In the end the cutoff was the first 2 problems in a decent time.
Q1) Given a set of characters made out of the the letters in the English words for the digits zero through nine, determine what the original digits were, in non-descending order.
A1) This was a fairly straight forward, if potentially tedious to code problem – you just have to identify the correct order to try removing the words from the distinct count of each letter in order to avoid getting into a dead end. One such order is (Z)ERO, T(W)O, FO(U)R, SI(X), EI(G)HT, (O)NE, (T)HREE. (F)IVE, SE(V)EN, N(I)NE, . Each of the letters in brackets is the last time that letter occurs reading left to right, so removing in that order obvious works. I like this particular ordering because its the even digits followed by the odd digits, each in ascending order.
Q2) Given a pair of numbers that have been obscured by replacing some of the digits with question marks, and may also be zero padded, determine the way to replace the question marks which results in the minimal difference, breaking ties by minimizing the first value and further by minimizing the second value.
A2) So the contest analysis mentions that this can be done in O(N), which I found interesting, but I’ve not managed to solve yet. The O(N^2) solution is consider the replacement of question marks to have 3 phases. Phase 1 you try to make the numbers equal, Phase 2 you introduce a minimal single digit difference, Phase 3 you try to maximize the difference in the opposite direction to the difference introduced in Phase 2. You just iterate over all of the possible places for Phase 2, including not every reaching it. For each possible phase 2 location you can either try and make the second larger, or the first larger, but that only doubles the total number of passes, so its still O(N^2). You can try and optimize further by aborting when phase 1 fails to make equal, but its not trivial to know when not to bother trying with phase 2 – I think you need some kind of pre-processing step to work that out in order to get to the O(N) solution.
Q3) Given ordered pairs of words, determine the maximum subset which can be made entirely out of the first and second word sets of the inverse of that subset.
A3) I immediately recognized this as a graph problem.

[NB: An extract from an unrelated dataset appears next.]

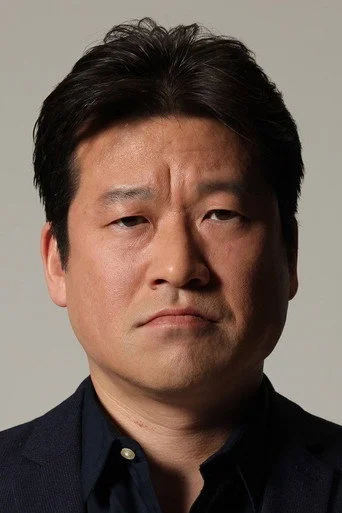 Chân dung Jiro Sato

I mistakenly first assumed that the answer was number of edges minus the minimum spanning tree, but the minimum spanning tree was the wrong concept. Not too long after that I realized it was a bipartite graph problem. With that I simply assumed that TMD.Algo had the solution and that the answer was the number of edges minus something to do with calculating the bipartite matching. In the end its number of edges minus the bipartite maximal independent set. Which doesn’t make a lot of sense at first glance, since you want number of edges minus the minimal edge cover size – but for a bipartite graph the maximal independent set is equal to the minimal edge cover size. The minimal edge cover is equal to the size of the maximum matching plus one for each vertex not in the maximum matching. Number of vertexes not in the maximum matching is to number of vertexes minus twice the maximum matching. Add on the size of the maximum matching and you get number of vertexes minus the maximum matching, which is the same formula as the size of the maximum independent set.